Pretty cool to see AES67 working on Linux! Apparently there’s also a PipeWire Plugin that supports it!
Have you seen what Ubiquiti is cooking? Av Pro
Yeah Dante definitely seems to be the way to go for a DIY home a/v solution, it’s so flexible. It solves a lot of problems with my highly specific use case, actually have been following your channel for a while since it’s very helpful in my situation. I have a Linus Tech Tips style computer in a rack situation; run 2 machines 1 Windows and 1 Linux that I would like to mix to the same stereo output at my desk; am in to high end audiophilia, play around with dacs and amps and such but also want to run Atmos and multiroom audio using said gear. I can do all of that easily using Dante. I can easily route or sum audio from any source I want and have room correction using a Dante audio interface which I’ve made controllable in HA as well through MIDI2MQTT and a RPi. I’ve been looking to acquire an Atmos/DTS:X to Dante decoder to introduce immersive audio in to the mix, which finally seems to be shipping, however total cost of admission is still quite expensive.
In combination with a HDMI 2.1 matrix switch, I can have a seamless media experience regardless if I’m in my living room or at my desk set-up.
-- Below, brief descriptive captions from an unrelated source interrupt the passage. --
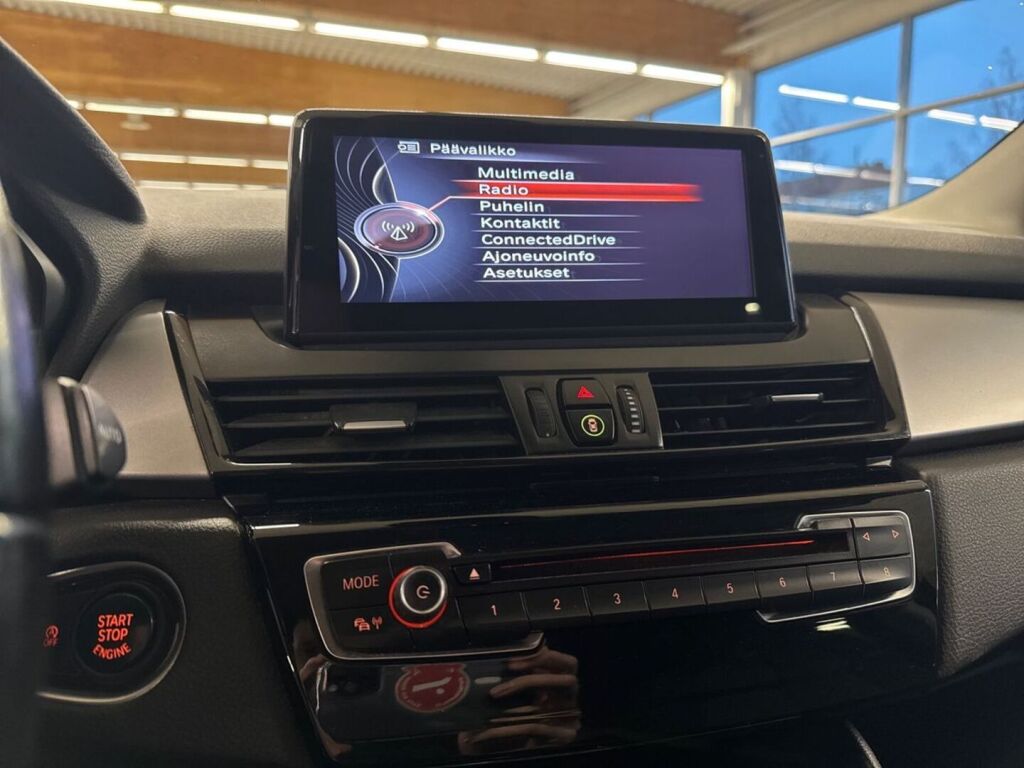 BMW 218 2017 Ruskea (beige)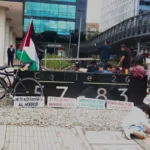 Con muestras culturales, pancartas y arengas cientos de manifestantes mostraron su solidaridad frente a Palestina y su condena al genocidio que realiza Israel en Gaza - Foto: Ronald Cano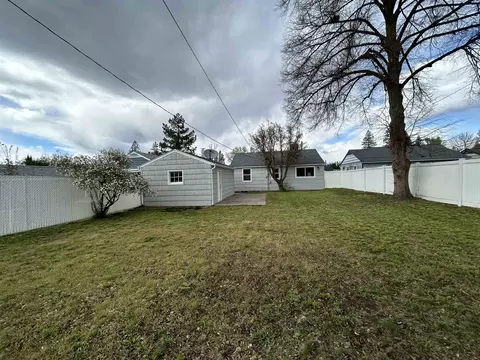 Exterior - 1028 E 40th Ave, Spokane, WA 99203 photo 8 of 8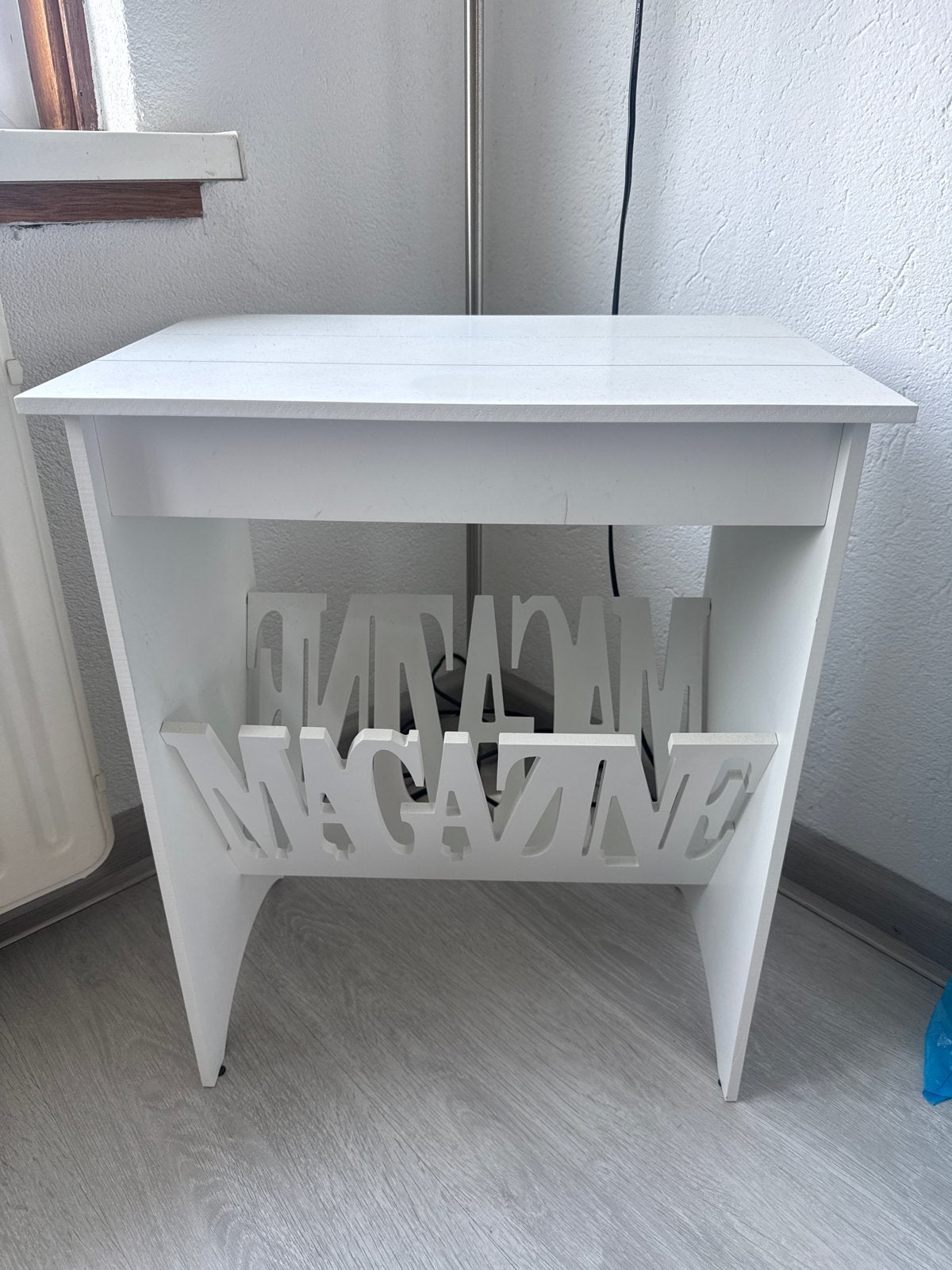 Witte bijzettafel met lectuurbak 'Magazine', Ophalen, Gebruikt, Modern, Hout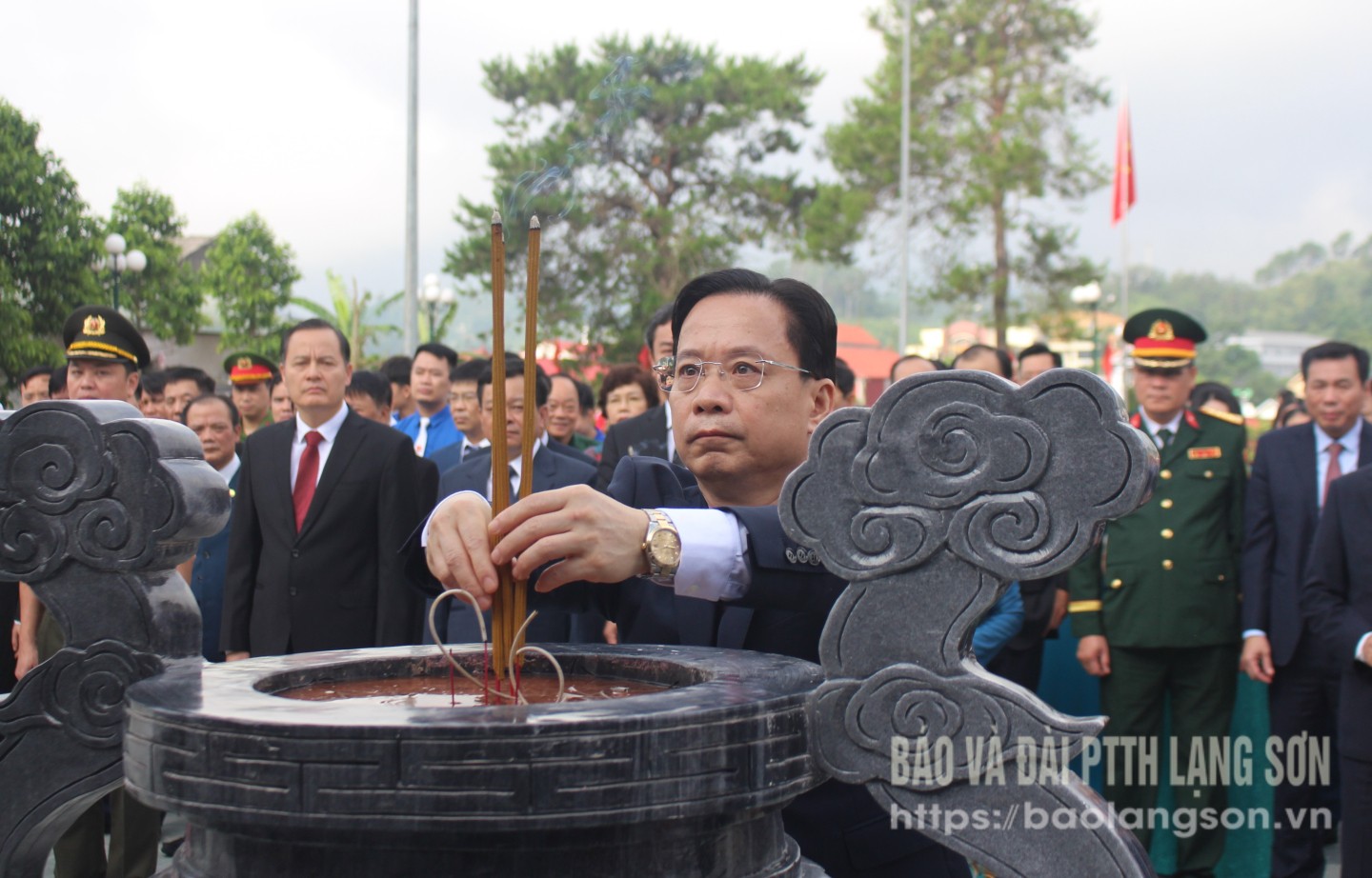 Đồng chí Hoàng Văn Nghiệm, Bí thư Tỉnh uỷ, Trưởng Đoàn Đại biểu Quốc hội tỉnh dâng hương tại Nghĩa trang liệt sĩ thành phố Lạng Sơn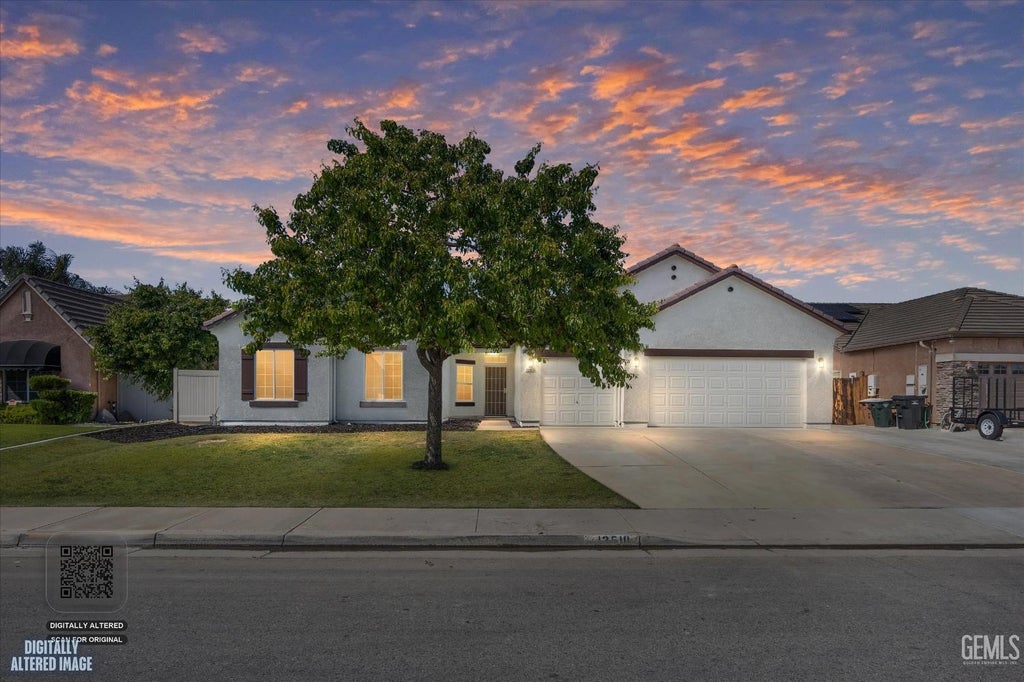 Photo of 12510 Stablegate Drive, Bakersfield, CA 93312 (MLS # 202604219)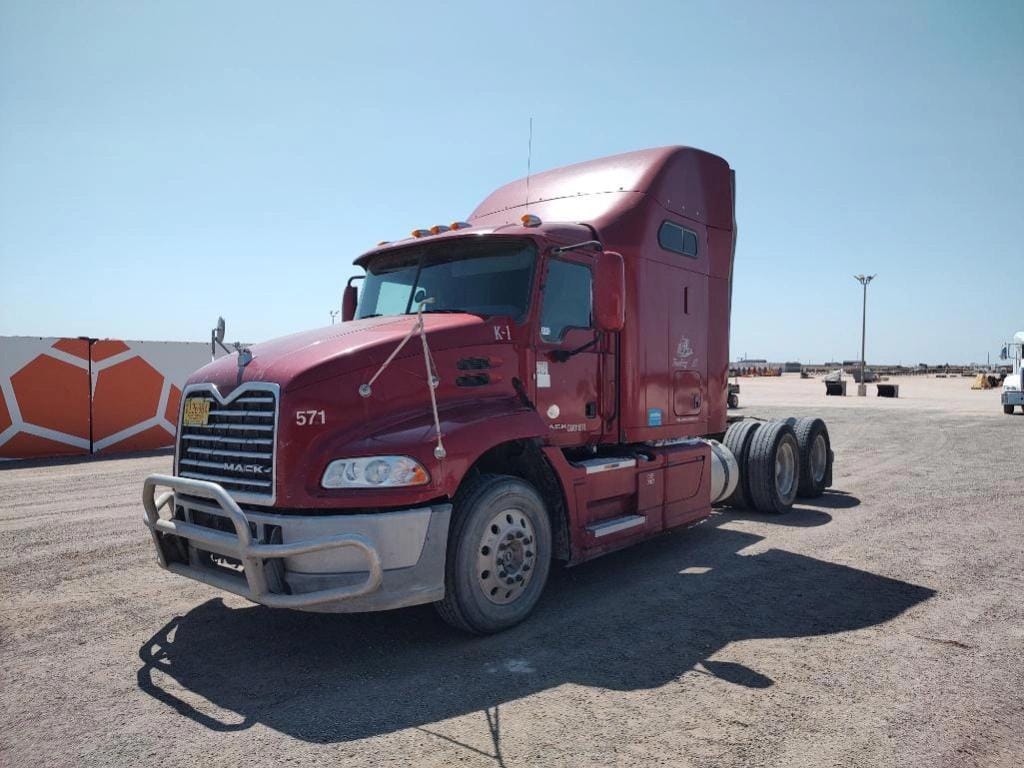 2016 Mack CXU613 Equipment Image0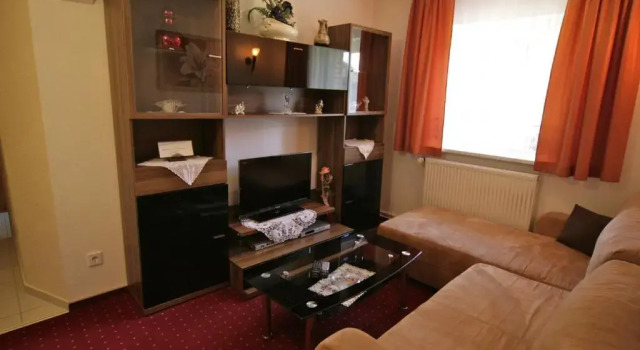 Hotel Restaurant Rehberg, Забронировать Отель Отели Санкт-Андреасберг 3 звезды, рядом с Schlepplift I, 3*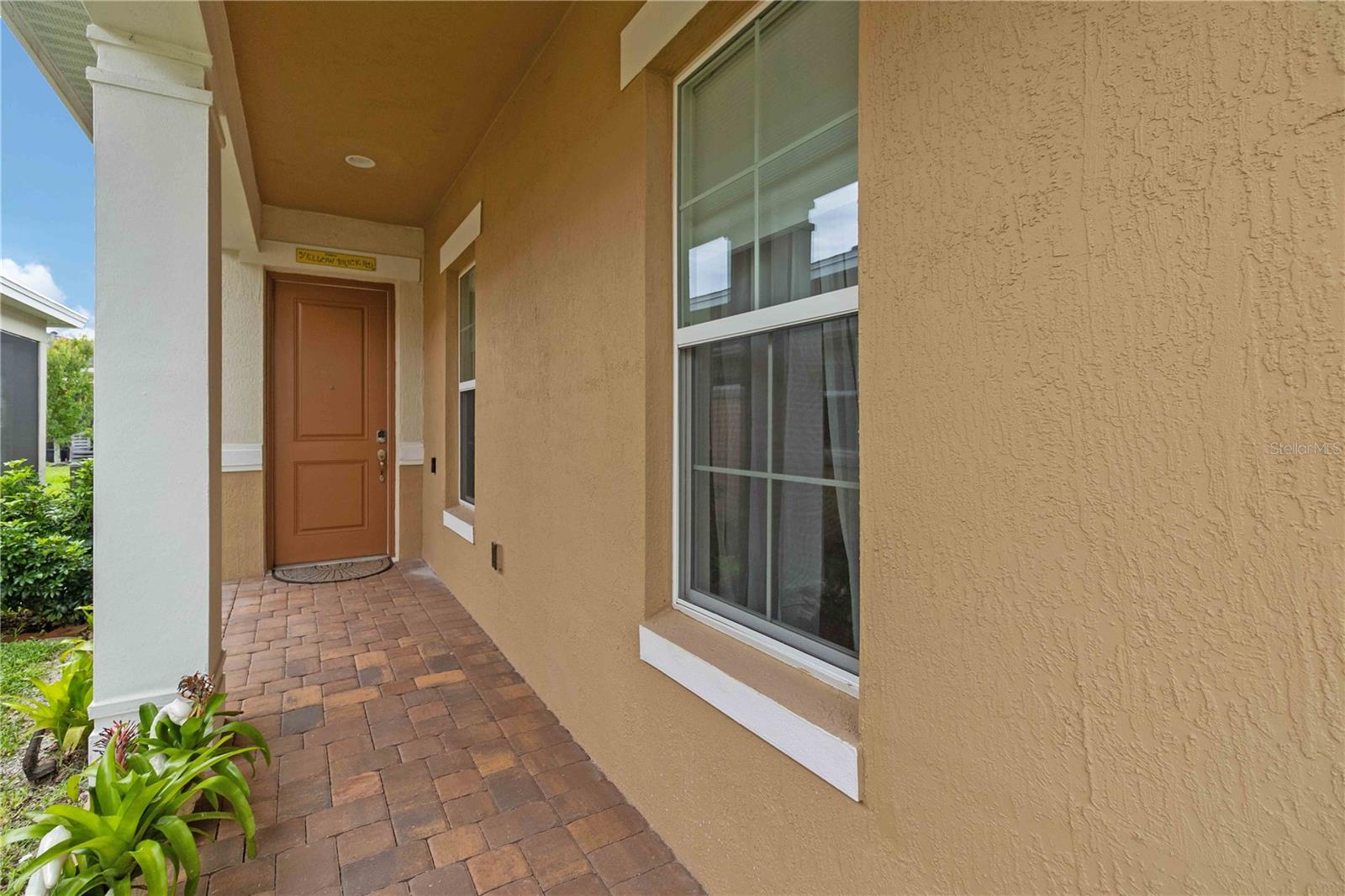 2585 YELLOW BRICK ROAD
It’s nice to have a music streamer with a display to show the album art of the song you’re playing and have physical media controls mixed in to your game audio when you want to play your own songs, or switch to the linux machine seamlessly if you’re following a walkthrough or whatever (and use your microphone both on Windows for your game and for discord running on the linux machine). Can also switch around systems or streaming devices depending on who is using what screen.
Just wish there was a way to integrate wireless audio in to this set-up. Using Wifi 7 and MLO you can achieve very low latencies so it should be possible to use an Android device as an endpoint in this way but I’m sure there’s a lot of caveats. I did find one solution actually that offers this, but can’t speak to it’s quality and seems very expensive. Another idea is to have decent Bluetooth transmitters with coax or AES3 in but the idea of having to unpair and repair devices constantly already frustrates me beforehand.
Another niche usecase is I like to DJ using vinyls and running to outputs of my mixer in to an ADC with this set-up allows me to have that audio available anywhere. I would have to digitize the signal for DSP/room correction anyway as it really helps your system sound a lot better.
Optical toslink (and therefore also SPDIF) natively uses 44,1khz, so if your setup is mainly using those on the digital side whilst the analog side can switch between 44,1khz and 48khz, I would recommend making the whole system 44,1khz so the optical units don’t need to upsample.
Pretty impressive that you can put them on a completely different network without even DHCP and they somehow still discover eachother.